Question

Which of the following is paramagnetic in nature ?
A.${N_2}$
B.${F_2}$
C.$K{O_2}$
D.None of these

Answer 1

This question is from molecular orbital theory where electrons are filled in bonding and anti bonding orbitals in increasing energy order . After filling electrons in orbitals if a compound contains any unpaired electron then it is paramagnetic and if there is no unpaired electron then the compound is diamagnetic .

Complete step by step answer:
During chemical bonding two types of forces come into nature one is attractive and second is repulsive . The force of attraction is between electrons and nuclei and force of repulsion is between nuclei of atoms . Due to these two forces two types of orbitals are formed during chemical bonding one is bonding orbital and second is anti bonding orbital . In these orbitals electrons are filled in increasing order of energy level in these bonding and anti bonding molecular orbitals .
The increasing energy order of orbitals is as follows :
$\sigma 1s < \sigma 1{s^ * } < \sigma 2s < \sigma 2{s^ * } < \sigma 2{p_x} < \pi 2{p_y} = \pi 2{p_z} < \pi 2{p_y}^ * = \pi 2{p_z}^ * < \sigma 2{p^ * }$ (for total numbers of electron greater than $14$ )
$\sigma 1s < \sigma 1{s^ * } < \sigma 2s < \sigma 2{s^ * } < \sigma 2{p_x} < \pi 2{p_y} = \pi 2{p_z} < \sigma 2{p^ * }_x < \pi 2{p_y}^ * = \pi 2{p_z}^ *$ (for total numbers of electron less than or equal to $14$ )
$*$: It is used for denoting anti bonding molecular orbital .
While filling these orbitals we should follow Hund’s rule , Afbau’s principle and Pauli’s exclusion principle .
Now after filling electrons in these molecular orbital in increasing energy order if there is any unpaired electron then the compound is called paramagnetic .
In ${N_2}$ there are total $14$ electrons if we fill these electrons for a total number of electrons $14$ we found that there are no unpaired electrons.
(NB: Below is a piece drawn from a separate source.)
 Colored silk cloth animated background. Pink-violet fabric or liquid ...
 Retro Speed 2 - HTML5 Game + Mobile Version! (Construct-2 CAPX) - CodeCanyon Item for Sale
So this is a diamagnetic compound .
In${F_2}$ total numbers of electrons is $18$ . After filling these electrons in increasing energy order again there is no unpaired electron .
In $K{O_2}$ $({K^ + }{O_2}^ - )$ , ${O_2}^ -$ has $17$ electrons , after filling these electrons in increasing order we find a unpaired electron in $\pi 2{P_y}^ *$ orbital .
So option (C) is the correct answer .

Note:
If the number of electrons in a bonding orbital is $a$ and that of anti bonding is $b$ then bond order is calculated by $\dfrac{{a - b}}{2}$ . If it is integer then the compound is diamagnetic else it is paramagnetic .